Climate scientists have tended to studiously ignore ice mass and sea ice growth around Antarctica as a whole while at the same time screaming blue murder that the West Antarctic peninsular is losing ice. This is the small piece of Antarctica that sticks up into the Southern Ocean towards S America and is forever subject to periodic exposure to warm ocean currents migrating from the Pacific through the Indian towards the Atlantic oceans – some of which re-enters the Pacific via the Magellan Straits. Numerous papers are published on a regular basis and these have tended to give the false impression to Joe Public that it is Antarctica as a whole that sheds ice – when it is no such thing and ice mass has been growing on the bigger continent sized chunk.

At http://climateaudit.org/2015/12/02/antarctic-ice-mass-controversies/ …. has an extremely interesting post in that it explains the statistical methodology behind the various climate papers and you are left with the impression some people will deliberately obscure the truth and twist the facts in order to get away with promoting their agenda without allowing the opposition a voice of protest. This seems to occur over and over again. One side appears to dominate the peer review process in order to keep out heretical views – no matter how much actual evidence is accumulated. It is an interesting piece that becomes even more interesting when it comes to the study of the West Antarctic peninsular throughout the Holocene period. Apparently, there has been a massive ongoing reduction and an up and down variation up to the present. The peninsular is not a stable place as far as the amount of ice it may hold at any given moment in time. There is  also an unmistakable drop in the amount of ice on the peninsular in comparison to the position during the Late Glacial Maximum when massive glaciation all the way up to Patagonia are a well recorded phenomenon. From a Catastrophist point of view this appears to support the idea of pole movement at the end of the LGM, an unfashionable hypothesis and one that uniformitarians invariably ignore. In the context of a shift from a glaciated phase to a less than glaciated phase the West Antarctic peninsular would appear to conform to such a pattern – but of course, conjecture here is meant rather than fact. Patagonia was a lot colder during the LGM – but so were parts of Australia (unglaciated but cold). One would need a process to explain this – and other explanations may be brought into the equation.
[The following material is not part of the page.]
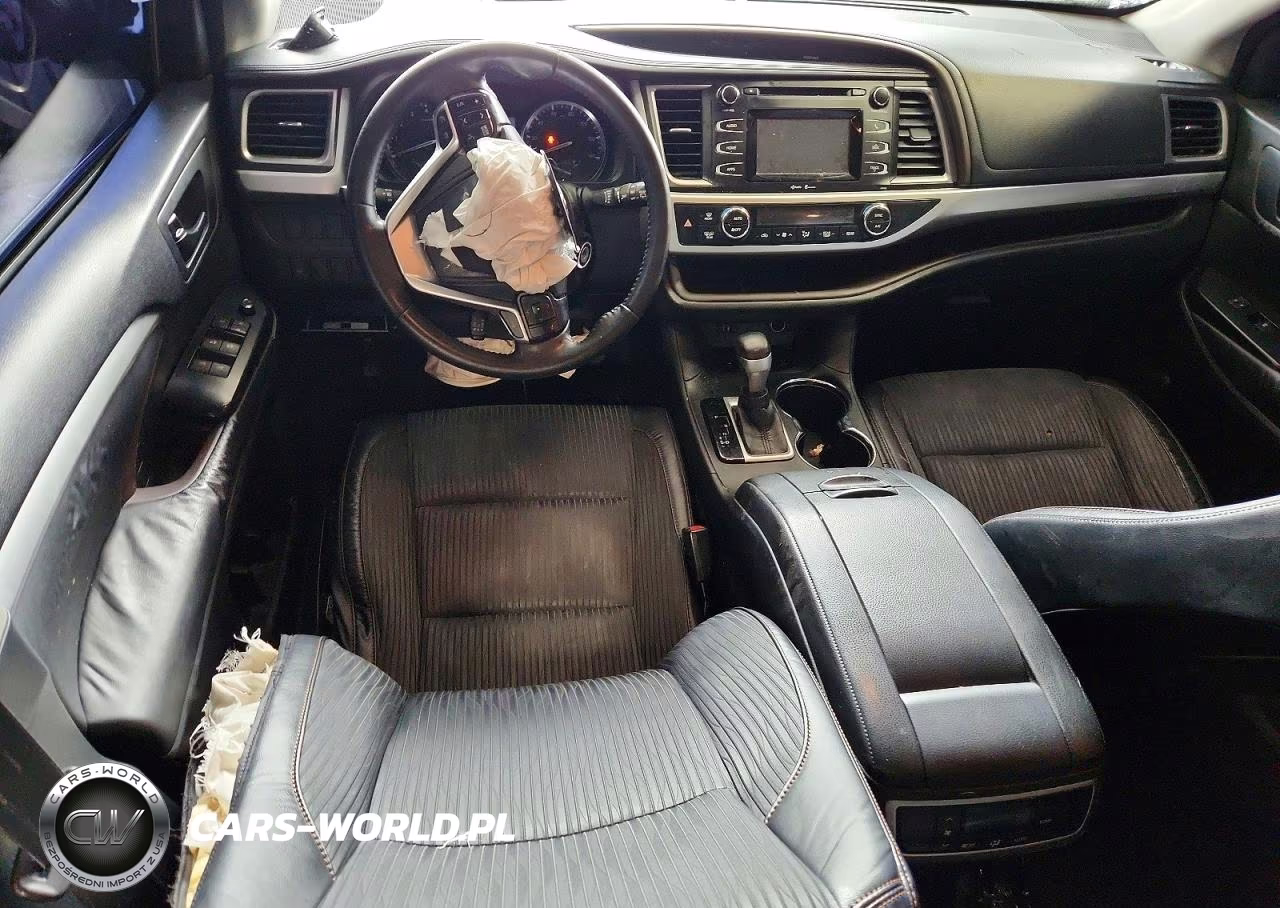 2014 Toyota Highlander Le Plus VIN:5TDBKRFH8ES031585 - 8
The reality is that the fall from icy conditions as a result of the end of LGM scenario, mainstream or catastrophist, is and has been a bonus for the global warming crowd. They have been able to show that ice has receded in one part of Antarctica without the necessity of showing it might have grown in another part of the continent. After all, the major portion of Antarctica is under a massive ice sheet. At the same time they clearly don't know why  so much ice has been lost on the peninsular, apart from declining global temperatures. The fact the variation during the Holocene has been a fraction of what it was at the end of the LGM is neither here nor there but what it does do is show the idea of global warming as a factor is not the least unprecedented. In fact, what we see is a real hockey stick – one going in the wrong direction. The uptick of the blade is at the end of the LGM rather than in the 20th or 21st centuries – and the handle is the Holocene pattern as a whole.